So, I've been away for a couple of weeks, I come home jump in the car and drive off, almost right away I'm thinking the cars not going right.. Its just like it was on the way to cornwall, put your foot down but no real go, in fact it goes better at 0.5bar than at 1 bar of boost. As the boost comes up you get lots of wooshing noise but less power.. I try flooring it, it cuts out. Ok, so maybe I've got a boost leak but how? From being parked up for 2 weeks??
I stop and restart a couple of times but its still the same, all whoosh and no go.
So I pop the bonnet and resisting the temptation to reset the ecu again I just pull the MAF connector off look at it plug it back in, get back in the car, restart and its going fine again, I'm pretty sure if I now reset the ECU it will be back on form but what is exactly happening in this scenario???
The connector is clean (done with Caig De-Oxit) There is no visible corrosion.
All I can think is that somehow there's enough corrosion build up or galvanic action from the current passing through the MAF element or from the cleaning current at start up to cause a shift in the overall resistance of the MAF which gradually changes metering of the air mass and therefore the fuel mix. The Lamda helps the ECU to adapt to this for a while but eventually it gets too far adrift and goes off the edge of the mapping, the mixture goes completely wrong the turbo still blows but the car makes no power, it feels like it has a boost leak. Disturbing the connector is enough to remove the oxide or at least break through the film and normal operation is resumed untill it happens again a few weeks (or days) later.
My next course of action will be to replace the MAF connector and crimp on new pins, I'm hoping the new plug comes with better pins (they're actually sockets, the pins are in the MAF) The old ones don't put much pressure on the pin so I'm thinking its pretty easy to get a bad connection. If not I'll find some proper AMP crimps that fit. I have 1/4 and 3/16 ones already.
I wonder if this is the thing that sorts the car out when you wash the MAF too, its actually the unplugging and replugging of th3e MAF that sorts it out. I'm also reminded of how well the car goes after I changed the air filter and how I had to unplug the MAF to get to the filter.. Hmmm...
So what do you think chaps? Am I on to something here?
If you think I am or if you'd like to join in an experiment, I'd like you to go for a drive, stop, switch off, unplug the MAF, push-pull the plug on and off a few times, go for another drive see if its better, then reset the ECU (fuses out for 5 mins) go for another blast and post your results here.
Lets see if anyone else has a funny MAF connector
I stop and restart a couple of times but its still the same, all whoosh and no go.
So I pop the bonnet and resisting the temptation to reset the ecu again I just pull the MAF connector off look at it plug it back in, get back in the car, restart and its going fine again, I'm pretty sure if I now reset the ECU it will be back on form but what is exactly happening in this scenario???

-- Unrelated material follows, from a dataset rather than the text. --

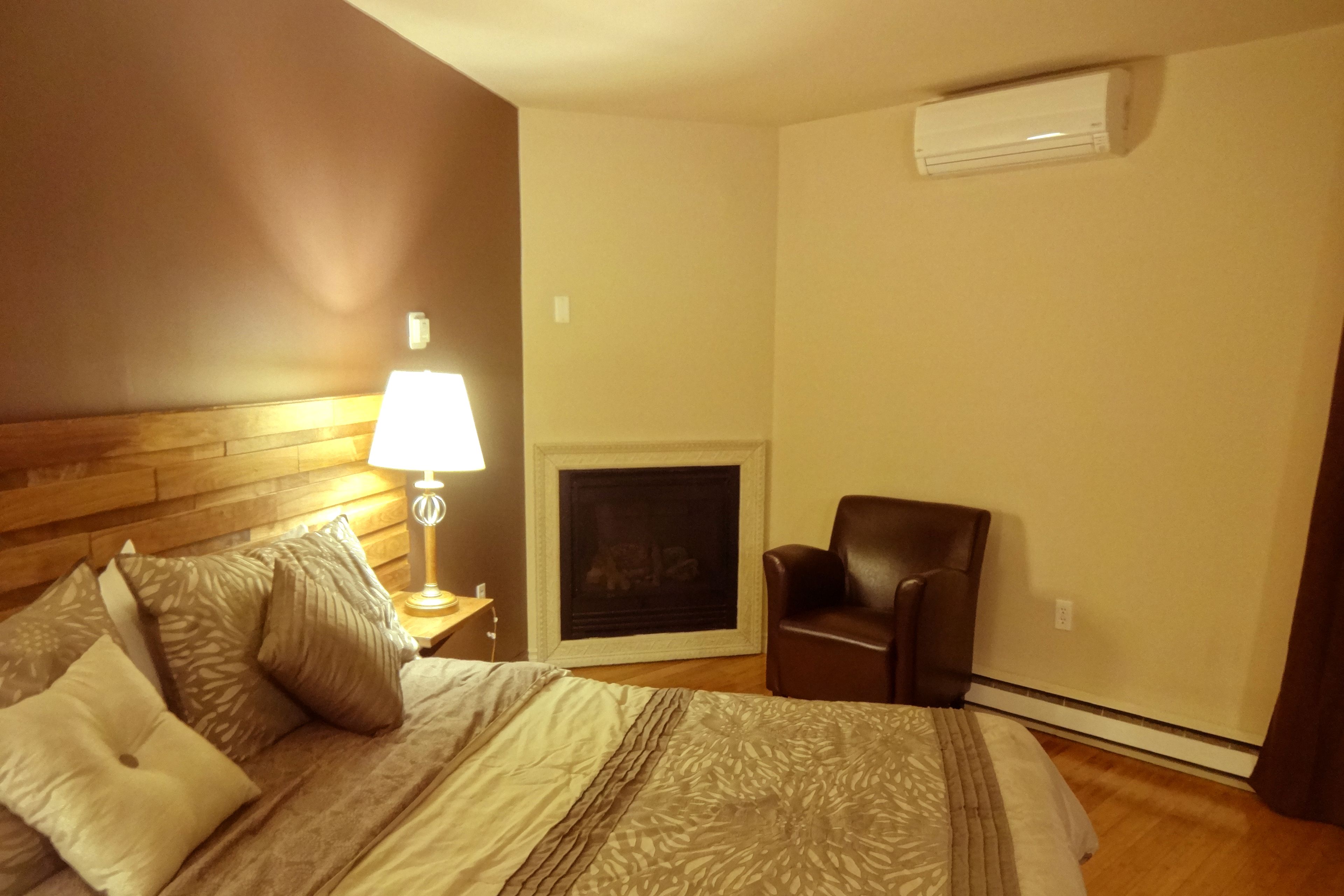 A hotel room with a bed, a nightstand with a lamp, a fireplace, and a leather chair.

The connector is clean (done with Caig De-Oxit) There is no visible corrosion.
All I can think is that somehow there's enough corrosion build up or galvanic action from the current passing through the MAF element or from the cleaning current at start up to cause a shift in the overall resistance of the MAF which gradually changes metering of the air mass and therefore the fuel mix. The Lamda helps the ECU to adapt to this for a while but eventually it gets too far adrift and goes off the edge of the mapping, the mixture goes completely wrong the turbo still blows but the car makes no power, it feels like it has a boost leak. Disturbing the connector is enough to remove the oxide or at least break through the film and normal operation is resumed untill it happens again a few weeks (or days) later.
My next course of action will be to replace the MAF connector and crimp on new pins, I'm hoping the new plug comes with better pins (they're actually sockets, the pins are in the MAF) The old ones don't put much pressure on the pin so I'm thinking its pretty easy to get a bad connection. If not I'll find some proper AMP crimps that fit. I have 1/4 and 3/16 ones already.
I wonder if this is the thing that sorts the car out when you wash the MAF too, its actually the unplugging and replugging of th3e MAF that sorts it out. I'm also reminded of how well the car goes after I changed the air filter and how I had to unplug the MAF to get to the filter.. Hmmm...
So what do you think chaps? Am I on to something here?
If you think I am or if you'd like to join in an experiment, I'd like you to go for a drive, stop, switch off, unplug the MAF, push-pull the plug on and off a few times, go for another drive see if its better, then reset the ECU (fuses out for 5 mins) go for another blast and post your results here.